End-of-life planning for my inky friend the newspaper

The amount of journalism done on the state of journalism is exhausting to read. There’s so much of it! And so many ex-journalists producing it! But most of it is thoughtful, researched and, well, pretty much common sense in the end.

Highlights I’ve seen recently:

Clay Shirky writes a detailed postmortem on the “dying” newspaper industry and how we’re all probably going to have to spend some time in the wilderness before a new system of finding, analyzing and disseminating information to the public forms organically. (h/t Andrew Sullivan)

Round and round this goes, with the people committed to saving newspapers demanding to know “If the old model is broken, what will work in its place?” To which the answer is: Nothing. Nothing will work. There is no general model for newspapers to replace the one the internet just broke.

With the old economics destroyed, organizational forms perfected for industrial production have to be replaced with structures optimized for digital data. It makes increasingly less sense even to talk about a publishing industry, because the core problem publishing solves — the incredible difficulty, complexity, and expense of making something available to the public — has stopped being a problem.

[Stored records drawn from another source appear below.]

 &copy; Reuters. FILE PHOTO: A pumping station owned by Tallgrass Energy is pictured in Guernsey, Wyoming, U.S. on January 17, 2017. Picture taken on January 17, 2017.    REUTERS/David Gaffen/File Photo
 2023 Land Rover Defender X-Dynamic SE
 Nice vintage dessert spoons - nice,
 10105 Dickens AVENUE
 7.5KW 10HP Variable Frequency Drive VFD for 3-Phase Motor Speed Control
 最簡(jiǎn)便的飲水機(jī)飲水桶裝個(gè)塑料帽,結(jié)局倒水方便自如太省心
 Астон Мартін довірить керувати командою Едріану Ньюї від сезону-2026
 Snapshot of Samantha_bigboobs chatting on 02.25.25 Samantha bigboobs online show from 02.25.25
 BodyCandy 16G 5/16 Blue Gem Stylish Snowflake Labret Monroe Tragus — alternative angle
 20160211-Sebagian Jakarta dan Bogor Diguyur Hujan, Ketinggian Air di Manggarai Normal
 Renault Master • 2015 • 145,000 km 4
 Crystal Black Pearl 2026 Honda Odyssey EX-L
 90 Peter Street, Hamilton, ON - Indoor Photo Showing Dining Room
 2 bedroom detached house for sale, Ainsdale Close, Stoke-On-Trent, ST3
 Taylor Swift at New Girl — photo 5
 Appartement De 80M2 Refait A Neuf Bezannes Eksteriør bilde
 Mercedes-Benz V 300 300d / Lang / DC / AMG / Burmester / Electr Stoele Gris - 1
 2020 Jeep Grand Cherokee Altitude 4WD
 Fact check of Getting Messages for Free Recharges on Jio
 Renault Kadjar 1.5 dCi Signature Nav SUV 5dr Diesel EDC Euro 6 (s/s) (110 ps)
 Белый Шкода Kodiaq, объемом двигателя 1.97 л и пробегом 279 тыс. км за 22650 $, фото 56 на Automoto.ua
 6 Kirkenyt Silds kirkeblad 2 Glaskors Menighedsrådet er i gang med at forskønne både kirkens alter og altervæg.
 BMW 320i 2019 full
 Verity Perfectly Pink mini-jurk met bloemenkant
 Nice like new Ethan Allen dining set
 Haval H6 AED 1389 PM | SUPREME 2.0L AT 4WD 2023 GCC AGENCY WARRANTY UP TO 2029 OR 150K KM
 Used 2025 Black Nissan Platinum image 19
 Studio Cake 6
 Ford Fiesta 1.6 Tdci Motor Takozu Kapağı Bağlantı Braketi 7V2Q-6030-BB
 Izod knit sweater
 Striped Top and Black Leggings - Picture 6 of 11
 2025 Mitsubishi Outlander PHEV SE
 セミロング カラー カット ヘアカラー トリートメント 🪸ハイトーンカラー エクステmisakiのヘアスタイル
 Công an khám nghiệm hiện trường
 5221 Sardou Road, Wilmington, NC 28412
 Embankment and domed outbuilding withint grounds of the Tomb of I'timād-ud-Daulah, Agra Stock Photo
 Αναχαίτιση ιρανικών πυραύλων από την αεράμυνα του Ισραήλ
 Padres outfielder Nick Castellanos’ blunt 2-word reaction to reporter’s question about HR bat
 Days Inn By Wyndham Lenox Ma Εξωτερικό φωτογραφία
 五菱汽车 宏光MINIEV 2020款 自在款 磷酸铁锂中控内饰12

Deeply sobering … and also exciting. But it’s not all bad, right? Local papers are doing a little better than the big dogs. That’s the theme behind this MinnPost story by Joe Kimball, who explores how the little Minnesota town of Slayton supports TWO weekly newspapers. I happen to also know that Lake of the Woods County (a county with a population similar to a small town) also supports two weeklies and that there are several weeklies making a go of it all over northern Minnesota in close proximity to competition. Ely, for instance, is another two newspaper town.

Kimball’s story correctly identifies how small town papers can thrive alongside the information revolution seen at big papers. Success comes by collecting the nuts and bolts information people want to know about their town that can’t be replicated or repeated on blogs and free sites. I’d further argue that the financial success of these papers is directly related to the debt load carried by the papers’ owners. A small town paper owned free and clear can be a license to print money if they have community support and low overhead. A small town paper owned along with 300 other small town papers by a company that went $500 million into hock to buy the lot of them is going to be held to an impossible profit expectation that will serve as a self-fulfilling prophecy of failure and decline.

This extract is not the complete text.